Understanding High Availability for VMs in Azure using Availability Sets

If our computer datacentre is a single point of failure for our business then we might consider moving our applications to Azure virtual machines -VMs. Let’s assume that we decide to migrate on-premise VMs to an Azure region in a single datacentre. To migrate correctly it requires planning to minimize future downtime. Downtime includes unforeseen component failures alongside the normal planned or unplanned server updates. Also there are requirements to meet the Azure SLA.

The first step is to create an availability set. Followed closely by creating each VM in the availability set. This helps us twofold:

  1. VMs are physically distributed across separate hardware – fault domains. Dependent resources such as CPU, network switches, power supplies etc can hosted placed together as a unit in the datacentre.
  2. VMs are logically distributed across update domains so that Microsoft can perform planned and unplanned updates – carefully avoiding updating all  VMs for a single application simultaneously.

Let’s imagine we have a very busy on-premise website that we want to migrate to Azure VMs with the following requirement:

  • 20 web servers
  • A maximum of 3 servers should be offline at any one time in the event of an unplanned component failure –  not a regional or data-center failure.
  • A maximum of 2  servers should be offline at any one time for planned maintenance.

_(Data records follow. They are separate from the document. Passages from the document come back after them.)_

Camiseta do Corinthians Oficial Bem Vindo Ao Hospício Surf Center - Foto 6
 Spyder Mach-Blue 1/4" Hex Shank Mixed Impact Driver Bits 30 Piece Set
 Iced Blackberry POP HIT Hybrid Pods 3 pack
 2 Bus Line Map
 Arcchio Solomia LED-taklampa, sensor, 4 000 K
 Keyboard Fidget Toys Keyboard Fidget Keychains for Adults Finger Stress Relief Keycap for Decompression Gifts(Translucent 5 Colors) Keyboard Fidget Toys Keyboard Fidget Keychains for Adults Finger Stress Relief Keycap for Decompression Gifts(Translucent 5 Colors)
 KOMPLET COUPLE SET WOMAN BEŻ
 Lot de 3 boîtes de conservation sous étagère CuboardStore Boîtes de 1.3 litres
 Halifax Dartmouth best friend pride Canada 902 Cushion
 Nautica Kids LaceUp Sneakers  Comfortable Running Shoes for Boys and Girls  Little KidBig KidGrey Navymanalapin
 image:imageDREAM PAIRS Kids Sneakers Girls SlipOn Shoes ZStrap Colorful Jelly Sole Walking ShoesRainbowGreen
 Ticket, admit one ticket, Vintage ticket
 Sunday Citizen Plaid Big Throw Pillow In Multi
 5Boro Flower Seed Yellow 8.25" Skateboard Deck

If you read the documentation, then for each availability set, by default, there are 2 fault domains and 5 update domains. This means that if we create an availability set, then the first 2 VMs can be evenly distributed on separate hardware but any more will then be distributed back across the same hardware. Also the first 5 VMs will be logically distributed such that they are never be updated or rebooted at the same time. Any further VMs are evenly distributed alongside the previous 5.

If we have many VMs we can reconfigure up to 3 fault domains and 20 update domains.

So how many availability sets do we need to create to meet our requirement and is it possible?

If we consider the 3 availability sets option. If we assume that none of the VMs in availability sets q and r are in the same rack as VM1 then this appears to meet the requirement, otherwise having more than one availability set doesn’t seem to help us and we cannot meet the requirement.

MS are now rolling out availability zones. This means that we can additionally distribute our VMs across multiple datacentres in the same region.

The purpose of this article is to begin to understand how MS provide high availability to VMs in a datacentre. We have assumed that we actually need to manually provision 20 VMs. If these VMs are identical, then why not instead use VM Scale Sets? Or migrate to platform as a service Web Apps and scale out on CPU demand? Most importantly we have avoided  considering regional or datacentre outages. If we are serious about availability then we must include a multi region strategy including technologies such as Traffic Manager.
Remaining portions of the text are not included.